* Problem statement
The copy must run from the line containing "Carry Along Unicorn" through the final line of the records, both included, exactly as written. It should contain no pictures.

(Material provided)

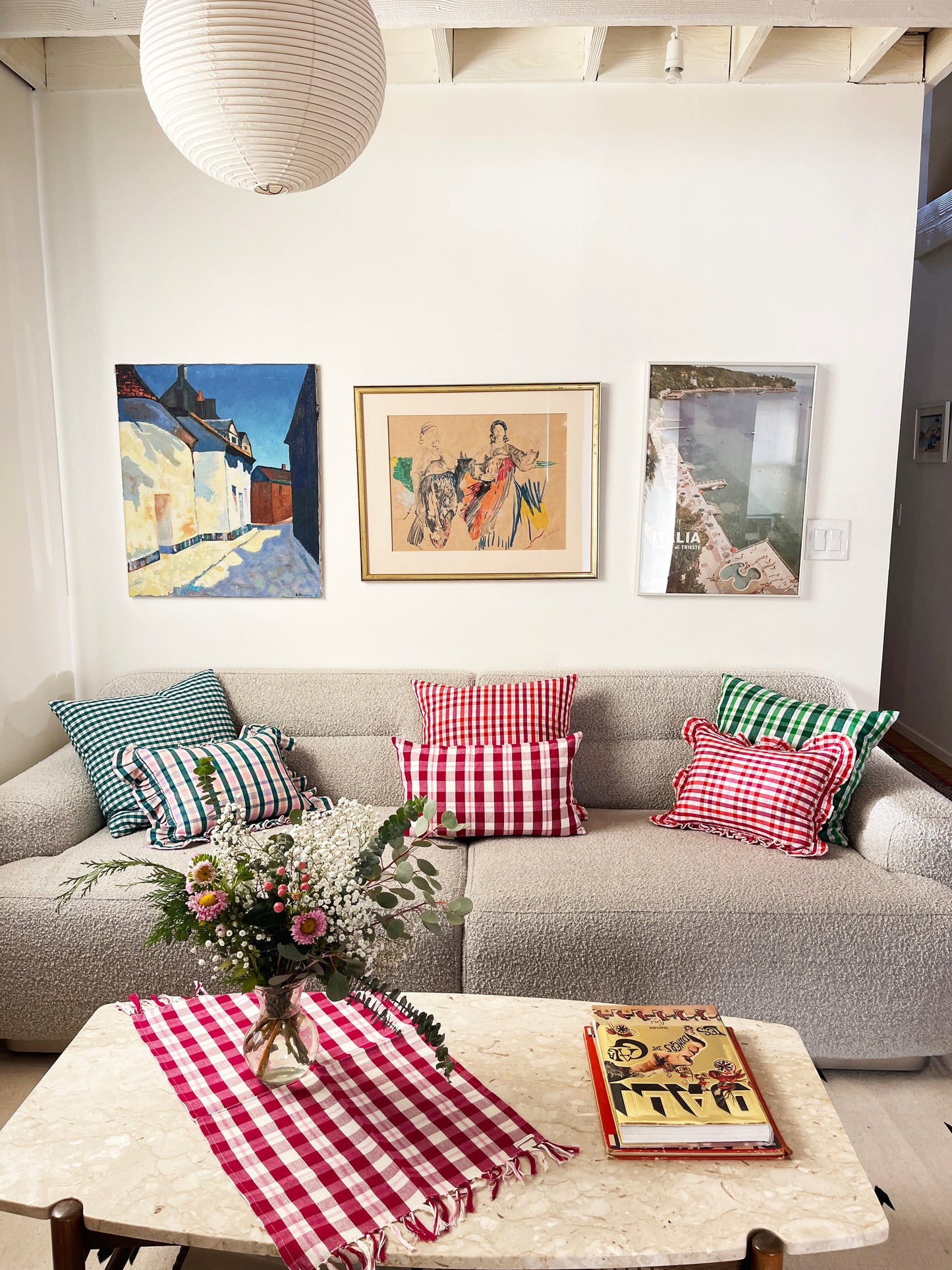 Noel Plaid Rectangle Pillow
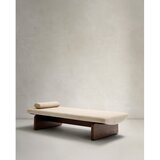 Kave Home Bež/u tamnoj prirodnoj boji ležaljka od šenila (promjenjiva) Topaz – | shoptok.hr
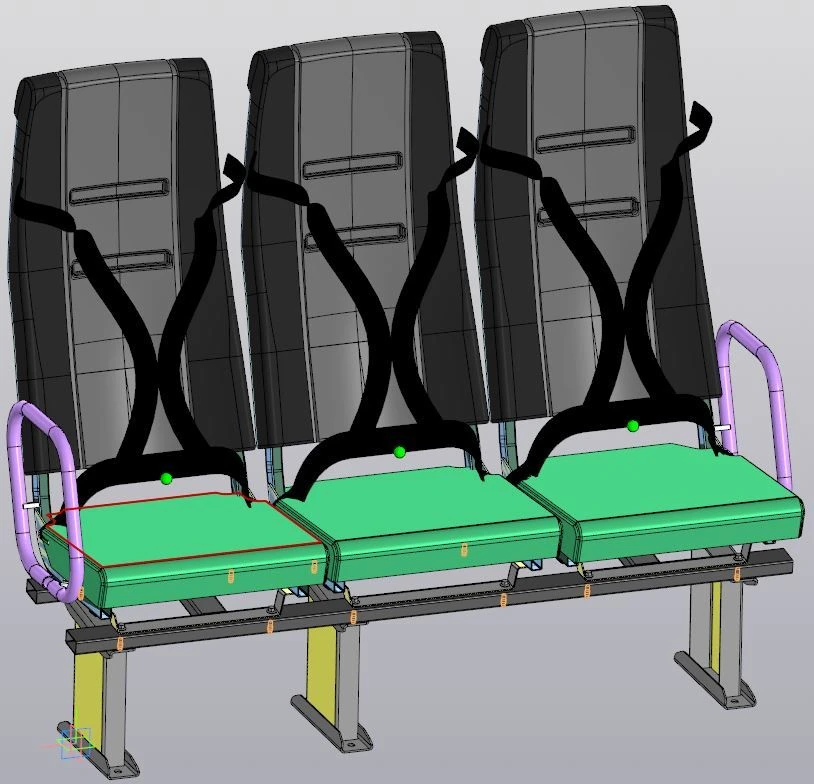 School Bus Passenger Seat with Armrests DS15.6840.010-PV11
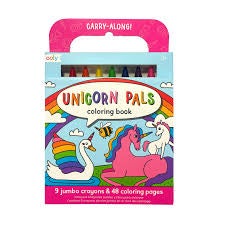 Carry Along Unicorn Pals Coloring Book and Crayon Set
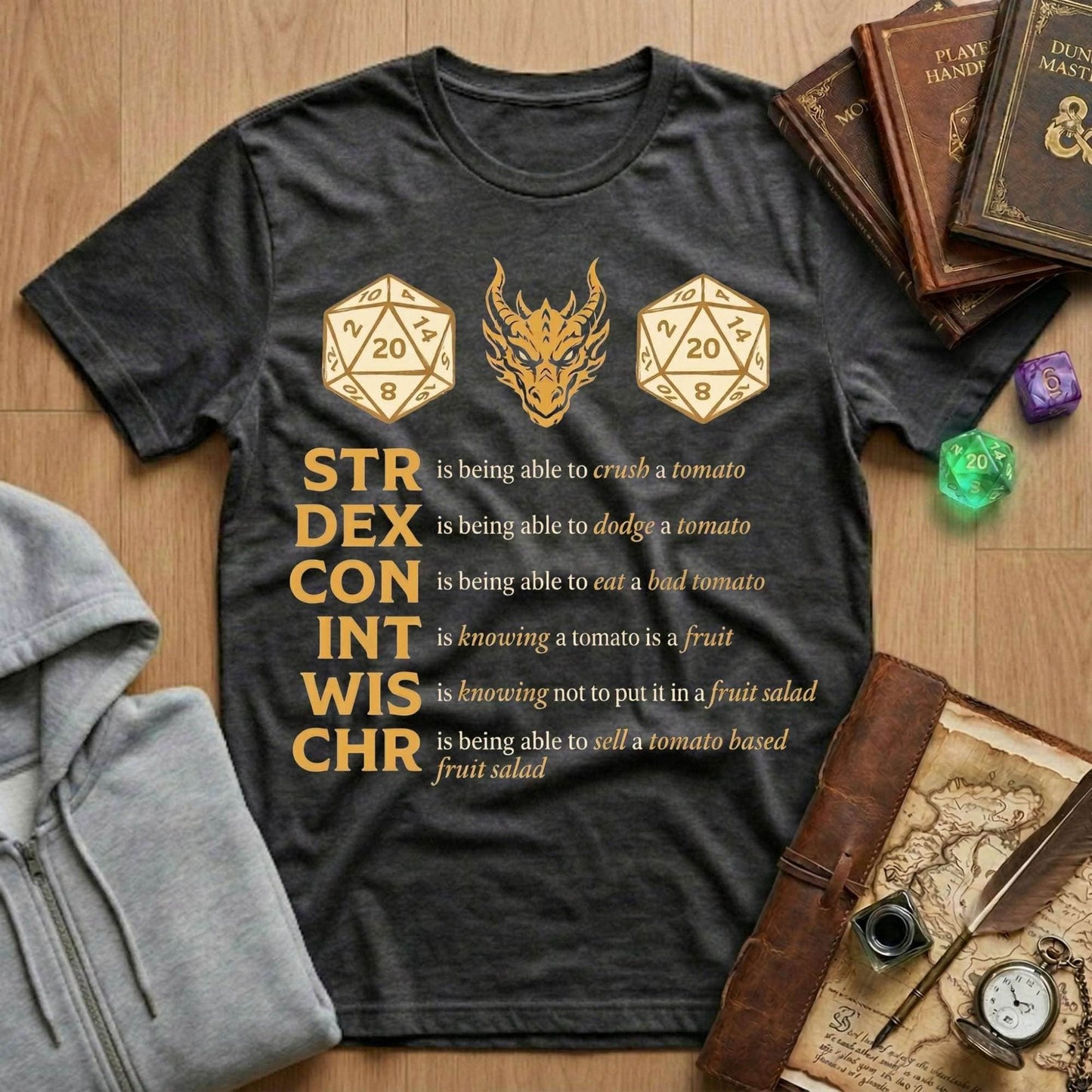 Tomato Dnd Stat Tee
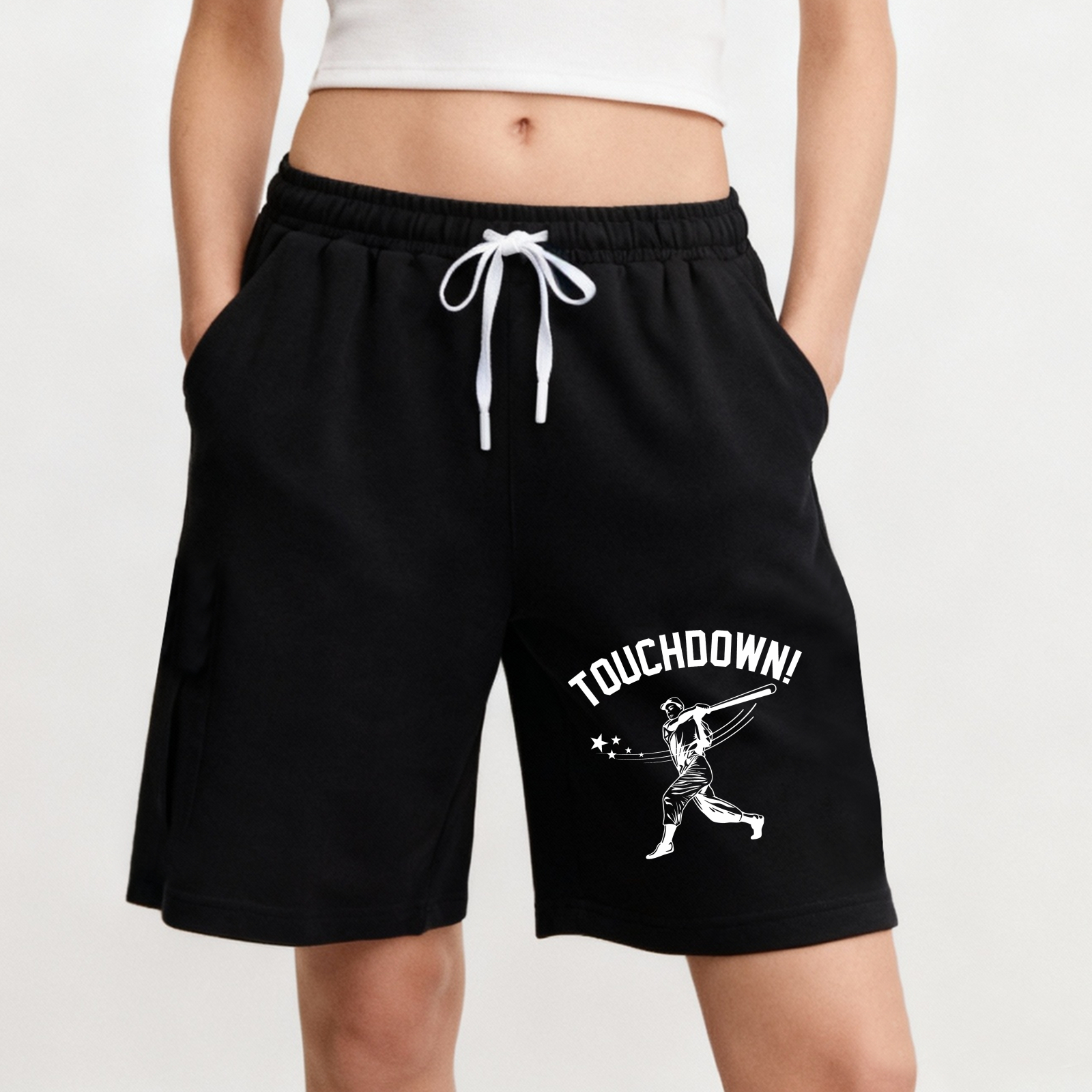 Dorawear™ Touchdown Football Player Graphic Shorts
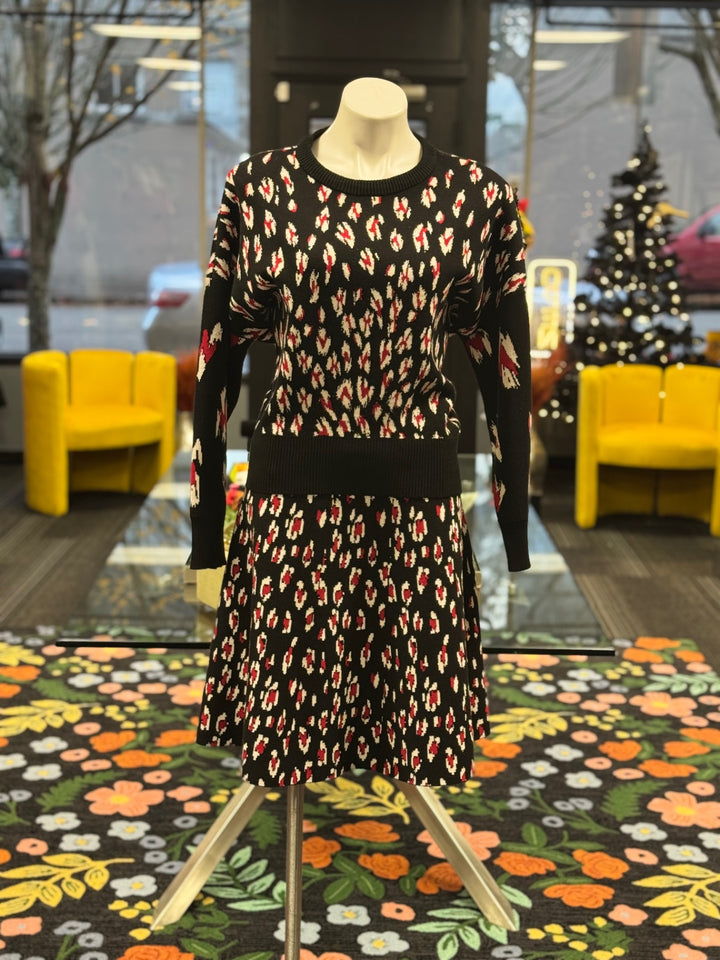 DKNY Women's Dress SM (BLK,WHT,RED) 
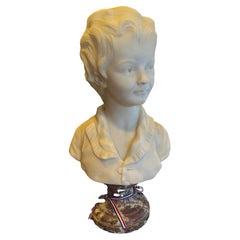 19th Century (Mid) French Marbel Bust of a Boy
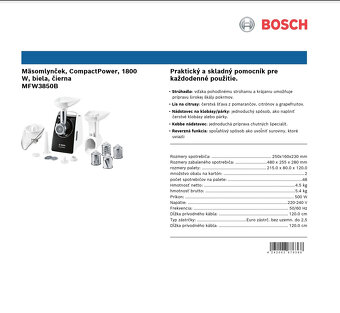 BOSCH mlynček na mäso NOVÝ - 4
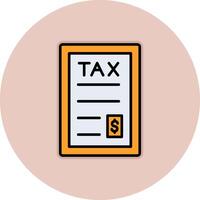 Tax Vector Icon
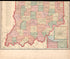 Indiana, Part 2 from Standard Atlas of Vigo County, Indiana : Including a Plat Book of the Villages, Cities and Townships of the County, Map of State and United States and World 1907 by Relic Map Company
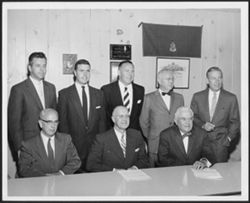 Hoagy Carmichael (far right) with unidentified men.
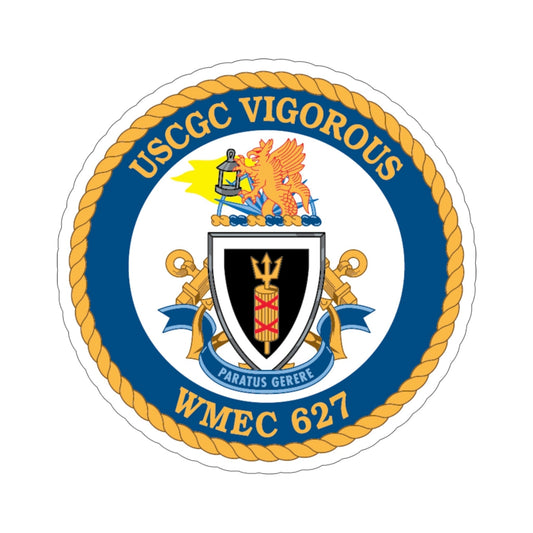 USCGC Vigorous WMEC 627 (U.S. Coast Guard) STICKER Vinyl Die-Cut Decal-6 Inch-The Sticker Space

(End Material provided)

* Task response
 Carry Along Unicorn Pals Coloring Book and Crayon Set
 Tomato Dnd Stat Tee
 Dorawear™ Touchdown Football Player Graphic Shorts
 DKNY Women's Dress SM (BLK,WHT,RED) 
 19th Century (Mid) French Marbel Bust of a Boy
 BOSCH mlynček na mäso NOVÝ - 4
 Tax Vector Icon
 Indiana, Part 2 from Standard Atlas of Vigo County, Indiana : Including a Plat Book of the Villages, Cities and Townships of the County, Map of State and United States and World 1907 by Relic Map Company
 Hoagy Carmichael (far right) with unidentified men.
 USCGC Vigorous WMEC 627 (U.S. Coast Guard) STICKER Vinyl Die-Cut Decal-6 Inch-The Sticker Space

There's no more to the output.